Records excerpted from a collection:
━━━━

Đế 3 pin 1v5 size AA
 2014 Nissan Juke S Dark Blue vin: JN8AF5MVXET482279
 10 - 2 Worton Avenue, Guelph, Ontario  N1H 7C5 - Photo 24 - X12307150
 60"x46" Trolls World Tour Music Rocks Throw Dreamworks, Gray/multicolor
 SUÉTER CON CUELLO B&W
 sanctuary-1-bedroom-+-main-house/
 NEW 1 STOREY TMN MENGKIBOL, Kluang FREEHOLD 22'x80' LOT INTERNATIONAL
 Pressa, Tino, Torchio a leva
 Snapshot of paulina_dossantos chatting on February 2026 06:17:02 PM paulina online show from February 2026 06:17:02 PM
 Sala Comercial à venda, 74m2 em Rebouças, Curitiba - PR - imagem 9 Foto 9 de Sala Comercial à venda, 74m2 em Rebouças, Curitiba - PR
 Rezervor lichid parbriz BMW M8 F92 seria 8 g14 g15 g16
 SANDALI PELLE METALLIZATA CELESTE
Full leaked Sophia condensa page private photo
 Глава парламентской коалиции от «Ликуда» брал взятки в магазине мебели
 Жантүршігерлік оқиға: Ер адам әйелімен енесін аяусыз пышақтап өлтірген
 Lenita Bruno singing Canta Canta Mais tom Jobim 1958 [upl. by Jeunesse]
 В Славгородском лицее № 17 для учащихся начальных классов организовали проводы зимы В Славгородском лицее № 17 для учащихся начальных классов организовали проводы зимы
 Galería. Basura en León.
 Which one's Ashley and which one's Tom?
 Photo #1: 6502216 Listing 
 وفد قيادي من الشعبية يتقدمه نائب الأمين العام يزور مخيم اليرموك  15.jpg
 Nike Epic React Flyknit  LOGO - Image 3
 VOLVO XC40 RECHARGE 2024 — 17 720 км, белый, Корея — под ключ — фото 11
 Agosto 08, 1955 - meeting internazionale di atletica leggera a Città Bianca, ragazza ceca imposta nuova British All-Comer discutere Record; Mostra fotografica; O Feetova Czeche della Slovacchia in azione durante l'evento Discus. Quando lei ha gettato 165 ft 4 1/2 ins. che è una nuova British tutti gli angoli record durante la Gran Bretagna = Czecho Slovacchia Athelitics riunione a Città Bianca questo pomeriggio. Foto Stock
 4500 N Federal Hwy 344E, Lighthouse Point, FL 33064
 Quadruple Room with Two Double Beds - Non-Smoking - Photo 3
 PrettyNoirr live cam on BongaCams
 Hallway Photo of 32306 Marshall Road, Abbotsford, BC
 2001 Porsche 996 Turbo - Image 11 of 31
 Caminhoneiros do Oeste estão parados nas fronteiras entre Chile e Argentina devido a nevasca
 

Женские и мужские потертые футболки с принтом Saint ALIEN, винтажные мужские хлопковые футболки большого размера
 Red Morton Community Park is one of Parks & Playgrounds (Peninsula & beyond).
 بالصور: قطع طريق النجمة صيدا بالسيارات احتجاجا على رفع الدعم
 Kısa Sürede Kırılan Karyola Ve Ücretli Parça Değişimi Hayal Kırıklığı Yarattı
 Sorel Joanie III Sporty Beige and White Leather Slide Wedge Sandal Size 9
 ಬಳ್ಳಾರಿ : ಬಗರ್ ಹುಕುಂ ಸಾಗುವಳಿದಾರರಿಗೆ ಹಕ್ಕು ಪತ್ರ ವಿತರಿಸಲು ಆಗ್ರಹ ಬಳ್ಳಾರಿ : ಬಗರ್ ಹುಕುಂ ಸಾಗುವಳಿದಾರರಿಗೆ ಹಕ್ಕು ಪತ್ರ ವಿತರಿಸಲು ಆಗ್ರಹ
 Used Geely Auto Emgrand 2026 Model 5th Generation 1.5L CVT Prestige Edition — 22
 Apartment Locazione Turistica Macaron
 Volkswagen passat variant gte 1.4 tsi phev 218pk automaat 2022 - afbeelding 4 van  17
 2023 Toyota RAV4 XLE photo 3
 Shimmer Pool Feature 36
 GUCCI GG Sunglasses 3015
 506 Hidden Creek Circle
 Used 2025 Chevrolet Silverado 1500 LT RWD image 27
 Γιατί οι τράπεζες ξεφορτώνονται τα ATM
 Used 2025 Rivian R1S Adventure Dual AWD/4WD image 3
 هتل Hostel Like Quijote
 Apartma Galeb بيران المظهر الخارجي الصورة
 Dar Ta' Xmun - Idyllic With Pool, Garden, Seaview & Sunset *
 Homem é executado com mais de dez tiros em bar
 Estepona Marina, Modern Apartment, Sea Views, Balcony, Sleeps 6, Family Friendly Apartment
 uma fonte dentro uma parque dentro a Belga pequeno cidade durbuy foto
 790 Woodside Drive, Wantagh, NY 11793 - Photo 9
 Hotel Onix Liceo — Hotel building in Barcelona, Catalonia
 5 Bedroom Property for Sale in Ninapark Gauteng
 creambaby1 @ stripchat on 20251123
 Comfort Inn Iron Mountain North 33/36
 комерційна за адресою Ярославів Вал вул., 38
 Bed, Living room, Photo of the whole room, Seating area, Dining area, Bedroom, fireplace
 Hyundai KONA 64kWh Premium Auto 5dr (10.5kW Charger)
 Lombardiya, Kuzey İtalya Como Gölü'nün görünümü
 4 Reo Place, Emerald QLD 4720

━━━━

Return each line from the records that includes the word "Pool".

_FINISHED TASK_:
 Shimmer Pool Feature 36
 Dar Ta' Xmun - Idyllic With Pool, Garden, Seaview & Sunset *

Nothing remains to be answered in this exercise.